Los Angeles, California – Two Chinese nationals have been arrested for allegedly orchestrating the illegal shipment of high-tech AI chips valued in the millions from the United States to China, the U.S. Department of Justice reported on Tuesday.
Chuan Geng and Shiwei Yang, officials of a company identified as ALX Solutions, allegedly exported these advanced chips without the appropriate licenses over the past three years. The high-profile case underscores ongoing concerns regarding U.S. export controls aimed at preventing the spread of sophisticated technology to China.
Court documents reveal that Nvidia’s H100 graphics processing units were among the items shipped. These chips have become particularly scrutinized due to their pivotal role in artificial intelligence development and U.S. export regulations designed to safeguard national security interests. An Nvidia spokesperson emphasized that smuggling these products is futile, asserting that the company partners with credible distributors to ensure compliance with export laws.
According to the DOJ, documents indicate that ALX Solutions employed only three individuals, with Geng managing finances and Yang serving as the secretary. The third employee’s identity has not been disclosed. Both Geng, a permanent resident of California, and Yang, who overstayed her visa, were said to possess full authority over the company’s logistics.

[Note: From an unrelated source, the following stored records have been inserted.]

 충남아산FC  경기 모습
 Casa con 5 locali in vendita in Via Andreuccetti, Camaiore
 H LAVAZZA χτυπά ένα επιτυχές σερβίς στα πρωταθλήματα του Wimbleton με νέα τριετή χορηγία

The DOJ’s investigation highlighted that ALX Solutions repeatedly sent shipments from the U.S. to firms in Singapore and Malaysia between October 2022 and July 2025. These countries are frequently used as logistical hubs to obscure illegal transactions directed toward China. Notably, ALX allegedly did not receive payments from these shipping entities directly; instead, payments were routed through other businesses based in Hong Kong and mainland China.
Additional details from the DOJ indicate that last December, U.S. Customs intercepted a shipment from ALX containing export-controlled computing chips, including the Nvidia H100 and GeForce RTX 4090. The documents specify that no license was sought or obtained for these exports, which are critical components for AI technology.

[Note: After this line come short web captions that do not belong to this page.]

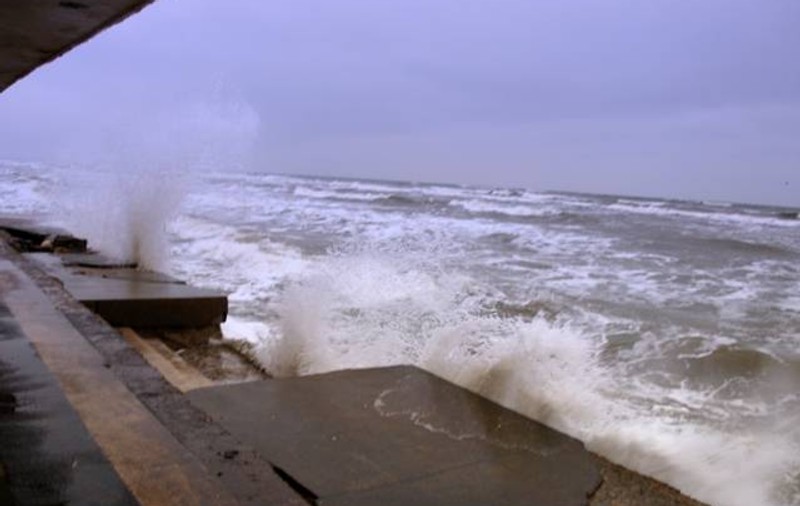 COD GALBEN de FURTUNĂ la MARE. TURIŞTII vor avea parte de VREME URÂTĂ DUMINICĂ după-amiaza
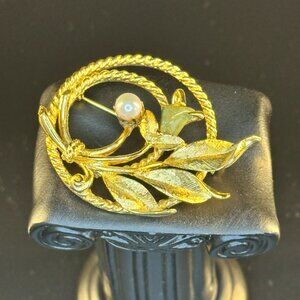 ✨ Vintage Gold-Tone Wreath Brooch with Faux Pearl & Leaf Detail – Classic Elegan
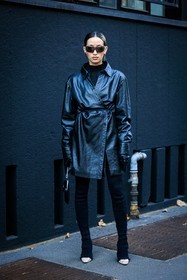 black total looks, leather jacket, black jacket, dior sunglasses, prada earrigs, alexandra guerain, fashion week, frenchystyle, FW, jonathan paciullo, street style, vertical, full length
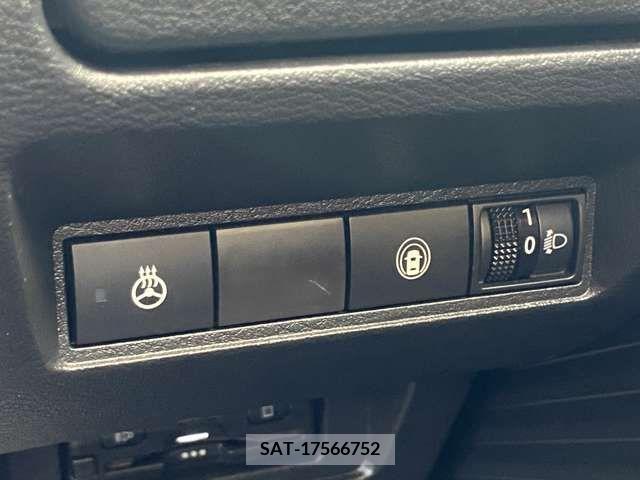 Nissan NOTE 2021-08 204802-7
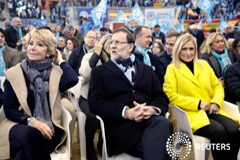 Cristina Cifuentes presidirá gestora de PP madrileño tras dimisión de Aguirre El presidente español en funciones, Mariano Rajoy (centro), flanqueado por Cifuentes (dcha) y Aguirre (izq) durante un mitin electoral en Las Rozas, Madrid, el 13 de diciembre de 2015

One invoice, valued at over $28.4 million, claimed the chips were intended for a customer in Singapore. However, a U.S. export control officer found no evidence that the shipment actually arrived in Singapore, and the customer mentioned in the invoice did not exist at the purported address. This raised suspicions about the true end-users of the equipment.
Super Micro Computer, a supplier to ALX Solutions, stated its firm commitment to adhering to U.S. export regulations. While the company refrained from commenting on the ongoing legal proceedings, it offered assurance of full cooperation with authorities.

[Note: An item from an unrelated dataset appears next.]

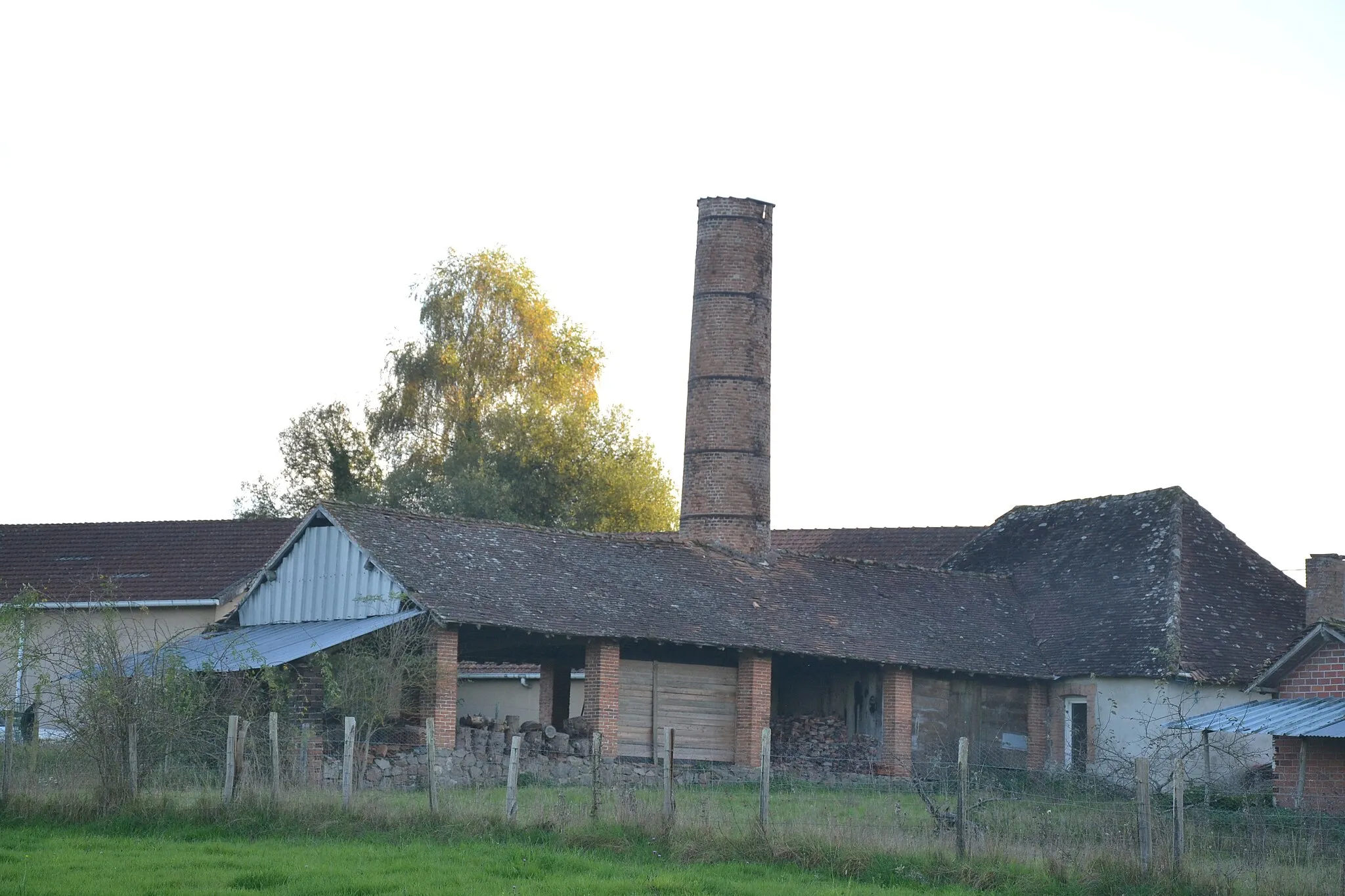 Photo showing: Ancienne briqueterie à La Noyeraie, Saint-Hilaire-les-Places (Haute-Vienne, France).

Yang was arrested on Saturday, while Geng later turned himself in. Both individuals appeared in federal court in Los Angeles on Monday, facing charges that could result in maximum prison sentences of up to 20 years if convicted.
As authorities continue to investigate, ALX Solutions remains largely shrouded in mystery, lacking a public website. However, a related entity named ALX-Cloud, offering cloud computing services, claims to be a subsidiary of the company.
The case highlights not only the complexities of international trade and technology but also the increasing vigilance of U.S. regulatory bodies as they seek to combat illicit export activities that could compromise national security.